▶ _Activity_
Your task is to write out the full listing once more, exactly.

═════ Material for this task ═════

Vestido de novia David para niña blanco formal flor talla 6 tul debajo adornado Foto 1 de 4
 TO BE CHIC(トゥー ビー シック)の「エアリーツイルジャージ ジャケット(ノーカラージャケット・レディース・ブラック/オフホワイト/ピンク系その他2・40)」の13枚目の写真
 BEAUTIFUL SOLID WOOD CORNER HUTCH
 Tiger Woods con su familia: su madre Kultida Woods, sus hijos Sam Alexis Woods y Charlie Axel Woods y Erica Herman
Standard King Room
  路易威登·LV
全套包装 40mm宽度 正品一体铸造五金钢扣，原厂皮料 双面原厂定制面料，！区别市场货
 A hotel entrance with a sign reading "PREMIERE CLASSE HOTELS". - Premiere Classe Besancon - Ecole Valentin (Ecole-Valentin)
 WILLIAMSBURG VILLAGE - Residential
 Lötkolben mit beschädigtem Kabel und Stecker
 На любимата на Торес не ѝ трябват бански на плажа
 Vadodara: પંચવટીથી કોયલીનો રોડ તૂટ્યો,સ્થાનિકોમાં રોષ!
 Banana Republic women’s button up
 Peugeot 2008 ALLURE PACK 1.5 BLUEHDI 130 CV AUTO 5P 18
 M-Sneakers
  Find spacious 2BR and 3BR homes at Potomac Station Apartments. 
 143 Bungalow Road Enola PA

═════

▶ _Completed task_
Vestido de novia David para niña blanco formal flor talla 6 tul debajo adornado Foto 1 de 4
 TO BE CHIC(トゥー ビー シック)の「エアリーツイルジャージ ジャケット(ノーカラージャケット・レディース・ブラック/オフホワイト/ピンク系その他2・40)」の13枚目の写真
 BEAUTIFUL SOLID WOOD CORNER HUTCH
 Tiger Woods con su familia: su madre Kultida Woods, sus hijos Sam Alexis Woods y Charlie Axel Woods y Erica Herman
Standard King Room
  路易威登·LV
全套包装 40mm宽度 正品一体铸造五金钢扣，原厂皮料 双面原厂定制面料，！区别市场货
 A hotel entrance with a sign reading "PREMIERE CLASSE HOTELS". - Premiere Classe Besancon - Ecole Valentin (Ecole-Valentin)
 WILLIAMSBURG VILLAGE - Residential
 Lötkolben mit beschädigtem Kabel und Stecker
 На любимата на Торес не ѝ трябват бански на плажа
 Vadodara: પંચવટીથી કોયલીનો રોડ તૂટ્યો,સ્થાનિકોમાં રોષ!
 Banana Republic women’s button up
 Peugeot 2008 ALLURE PACK 1.5 BLUEHDI 130 CV AUTO 5P 18
 M-Sneakers
  Find spacious 2BR and 3BR homes at Potomac Station Apartments. 
 143 Bungalow Road Enola PA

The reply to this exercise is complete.